Now we have a counter and this counter is going to be a three-bit counter. You will notice we have Flip Flop A, B, and C. This is actually figure 1526 in your textbook and we have a circuit that we are going to talk about later. In fact, it is this circuit but we will actually see the simulation later in this presentation. This is the actual outputs of this device. Now, first of all, I want to bring your attention to this concept again of dividing by two. We are going to be looking at this outputs. We haven't defined what they are. This is the output of A, this is B and that coincides with the outputs A, B, and C of this Flip Flop. You'll know here we have the incoming clock frequency. The output of C here will be, which is what we just previously looked at ... would be right here.

You will notice that it is half the frequency of the clock frequency. Then if you compare C to B, what you will observe is that B is actually half of C. Likewise if we go up to B and compare it to A, we'll note that A is half of B. If we were to look at this and assign weights to it, A would be ... we have one cycle and then B we would have two cycles and then C, there would be four and then the clock will be A. Recall when we did our binary weighting and we set 1, 2, 4, A, 16, 32 and so one and so forth.

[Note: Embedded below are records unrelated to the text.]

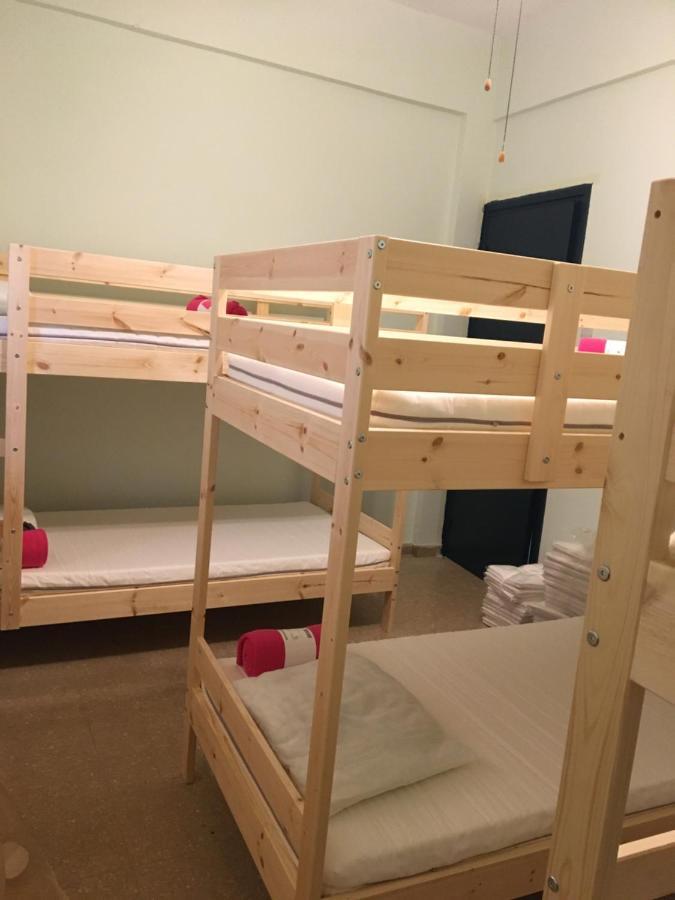 Past Or Trail Hostel Larnaca Ngoại thất bức ảnh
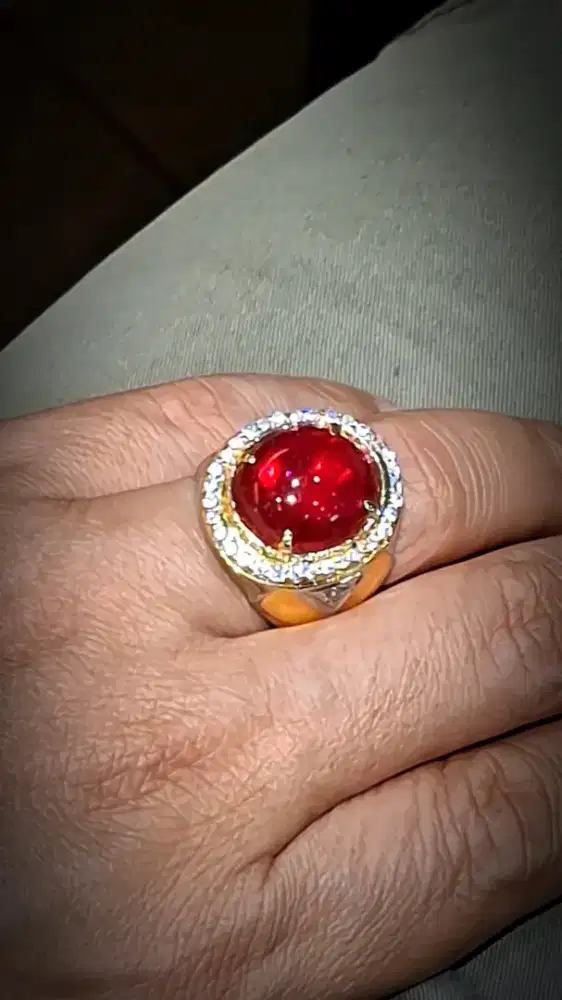 RUBY Red Cherry
Ring Perak Berat 12 Gram, Size 18
Dim 15 x 14 mm (est)
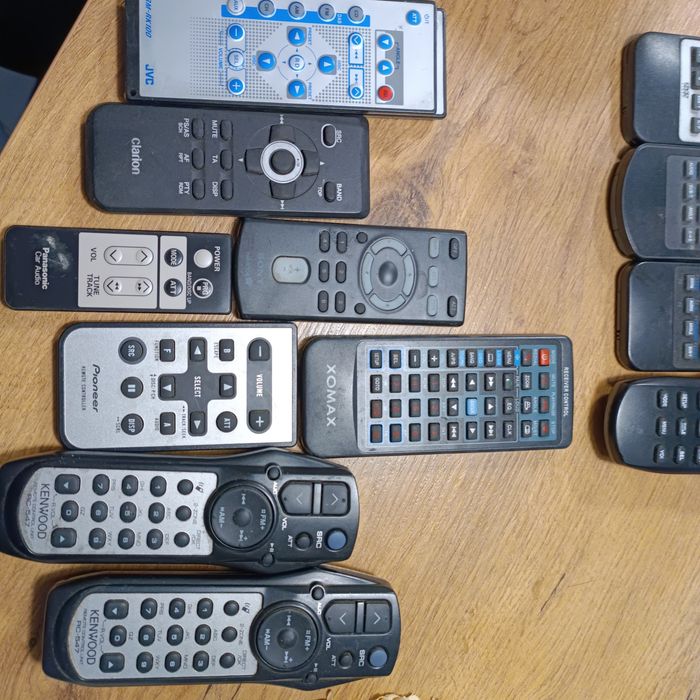 Pilot piloty JVC Pioneer Sony Clarion Kenwood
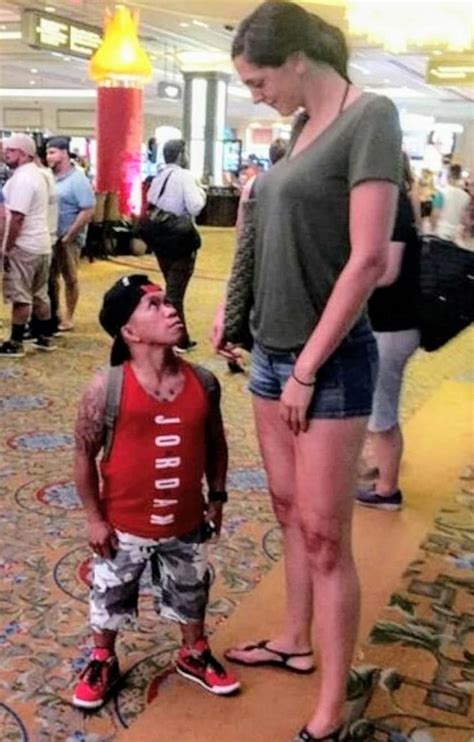 tall vs short by zaratustraelsabio on deviantart tall girl short guy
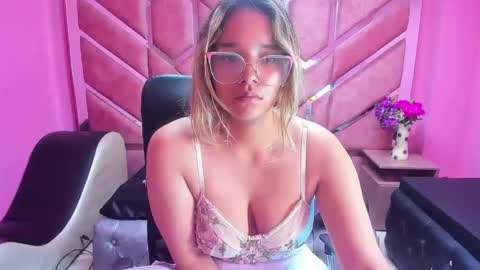  OLIVIA  online show from January 26, 3:48 am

This was the way that we weighted binary values. If we said that we had ... since this is three bits, if we had a one zero one, we said that that would be 4+1 and we said that equals five. This frequency division sets up a scenario where we are going to be able to actually count.

Let's take a closer look at this particular waveform and if we will note here ... we notice that at this point, this is a low, a low and a low. That would equate to zero and notice we have a counter here. This is counting from zero up to seven and that would be right here. Then the next one, we have a zero zero and one and that would be the one which is right here. Then we go one. Here we have a zero one and zero that would equate to two. Let's see. Then we have a zero one one that would be three and one zero zero that would be a four, one zero one that would be a five and a one one zero that would be six and then probably one one one that would be seven. Then it resets and goes zero zero zero and then it repeats this process. That is essentially what we do with a counter and it utilizes this divide function and we see the results here where we are actually ... and you can see the pulses that will indicate this different numbers.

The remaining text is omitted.